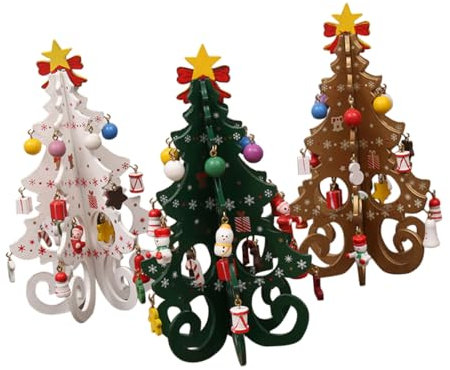 PRETYZOOM Cartoon Jungen und Weihnachten Bäume 3 Stücke Set Weihnachten Baum Tisch Weiß Grün Goldene
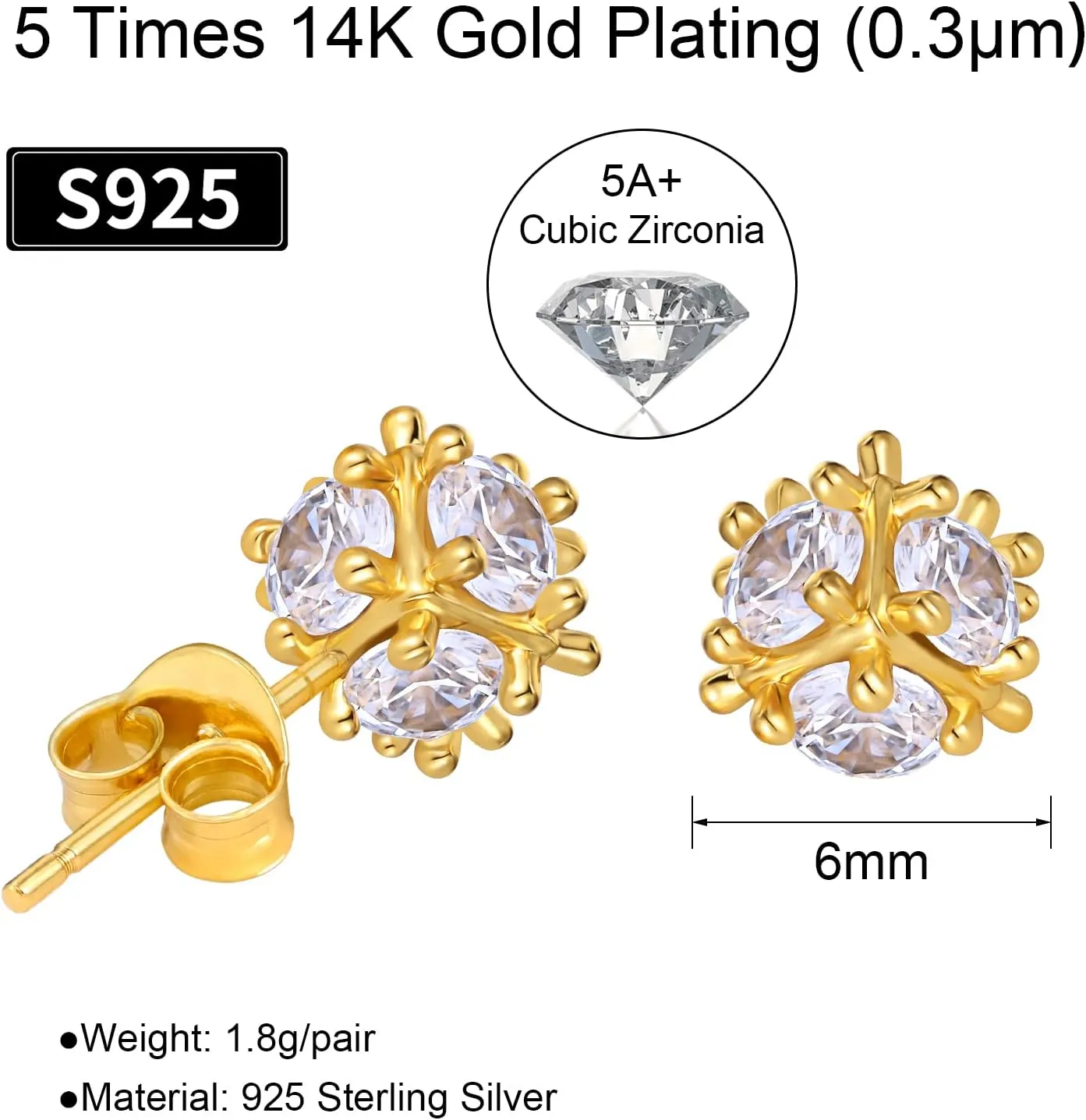 VEXXS S925 Diamond Stud Earrings for Men Women, 14K Real Gold Plated Iced Out Earrings 5A CZ Stones 925 Sterling Silver Studs Hypoallergenic Earrings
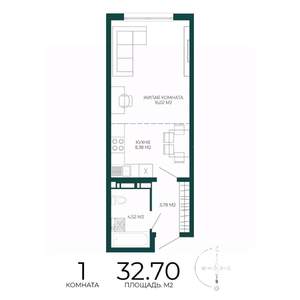 1-к квартира, строящийся дом, 33м2, 15/17 этаж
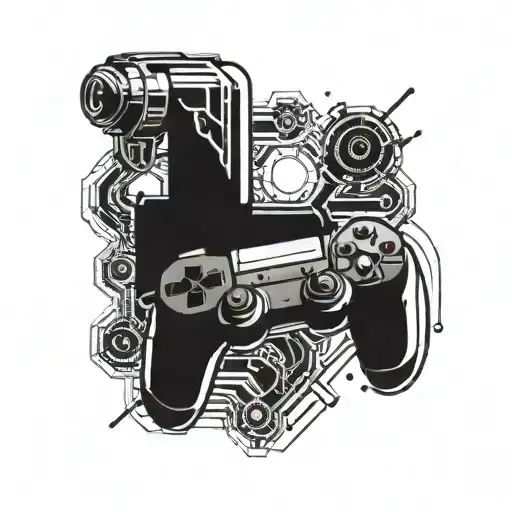 A Futuristic Cybernetic Arm Holding A Gaming Controller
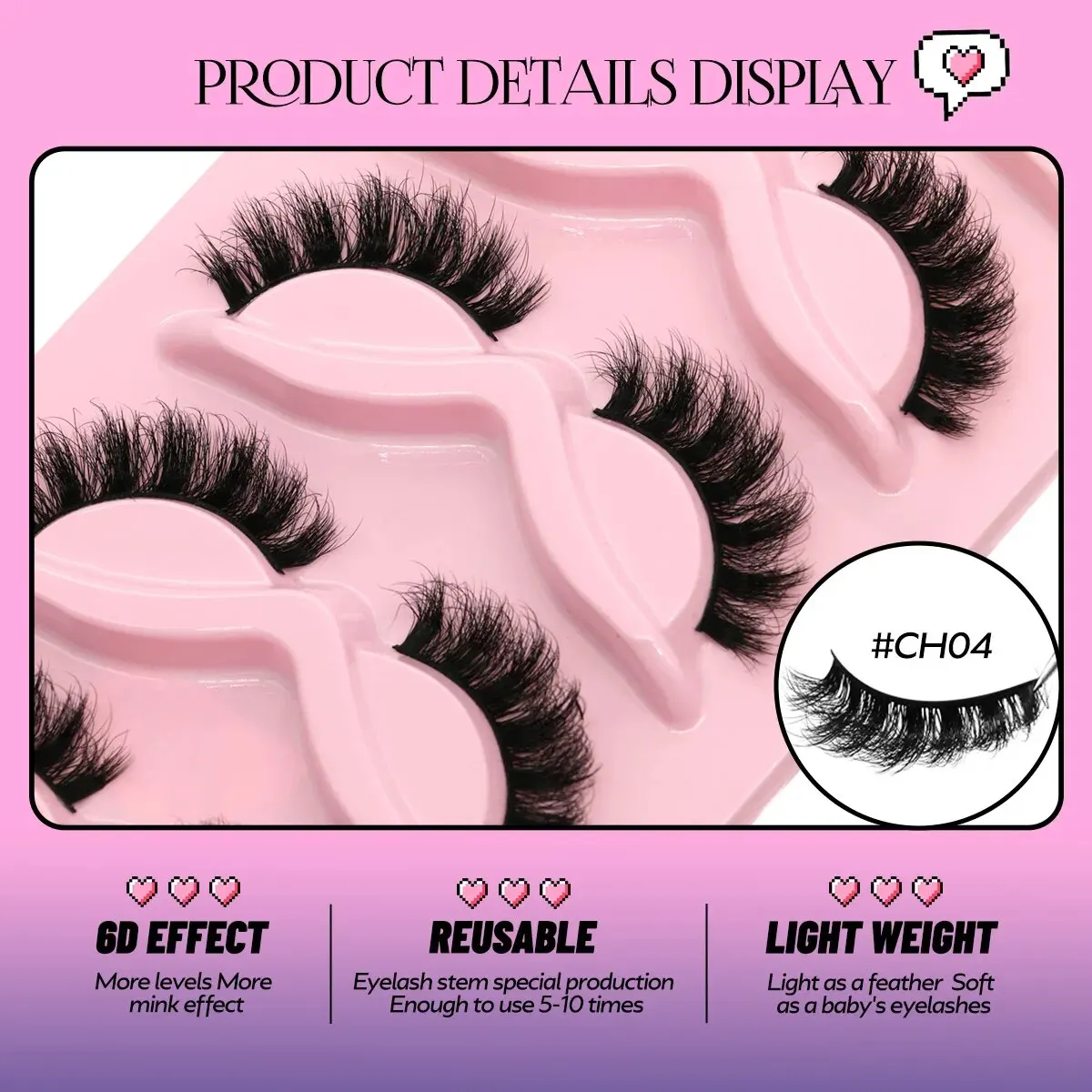 Cílios fofos do vison falso, cílios postiços longos, cílios macios de volume, maquiagem reutilizável, natural, 5 pares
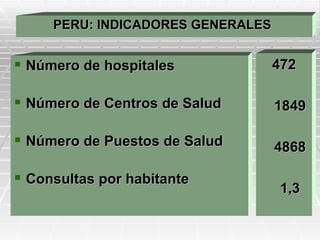 PERU: INDICADORES GENERALES


 Número de hospitales             472

 Número de Centros de Salud       1849

 Número de Puestos de Salud       4868

 Consultas por habitante
                                   1,3
 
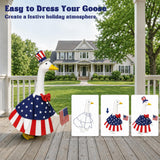Spoilu 4th of July Porch Goose Outfit for 23 Inch Lawn Statue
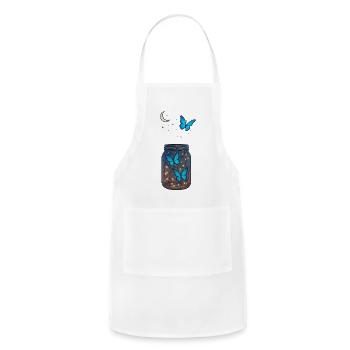 Magical Blue Butterflies in Jar with Moonlight - Adjustable Apron - white - Front - Julia (174cm)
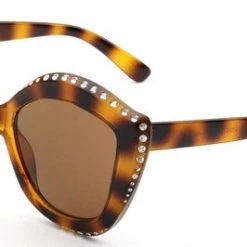Cramilo Eyewear ACCESSORIES Oversized Round Cat Eye Embellished Sunglasses - Tortoiseshell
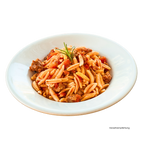 Ein Teller Malloreddus alla Campidanese. Verziehrt mit etwas Rosmarin.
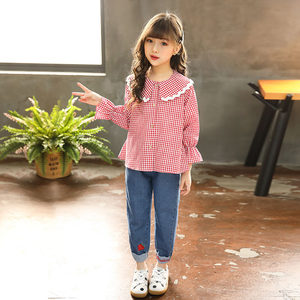 女童套装丫逗2020春季新品韩版中大童纯棉衬衣牛仔长裤洋气两件套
- - -
■ PROBLEM ■
Would it be possible to give the material above again exactly, with the pictures left out?

■ ANSWER TO THIS PROBLEM ■
 PRETYZOOM Cartoon Jungen und Weihnachten Bäume 3 Stücke Set Weihnachten Baum Tisch Weiß Grün Goldene
 VEXXS S925 Diamond Stud Earrings for Men Women, 14K Real Gold Plated Iced Out Earrings 5A CZ Stones 925 Sterling Silver Studs Hypoallergenic Earrings
 1-к квартира, строящийся дом, 33м2, 15/17 этаж
 A Futuristic Cybernetic Arm Holding A Gaming Controller
 Cílios fofos do vison falso, cílios postiços longos, cílios macios de volume, maquiagem reutilizável, natural, 5 pares
 PERU: INDICADORES GENERALES


 Número de hospitales             472

 Número de Centros de Salud       1849

 Número de Puestos de Salud       4868

 Consultas por habitante
                                   1,3
 
Spoilu 4th of July Porch Goose Outfit for 23 Inch Lawn Statue
 Magical Blue Butterflies in Jar with Moonlight - Adjustable Apron - white - Front - Julia (174cm)
Cramilo Eyewear ACCESSORIES Oversized Round Cat Eye Embellished Sunglasses - Tortoiseshell
 Ein Teller Malloreddus alla Campidanese. Verziehrt mit etwas Rosmarin.
 女童套装丫逗2020春季新品韩版中大童纯棉衬衣牛仔长裤洋气两件套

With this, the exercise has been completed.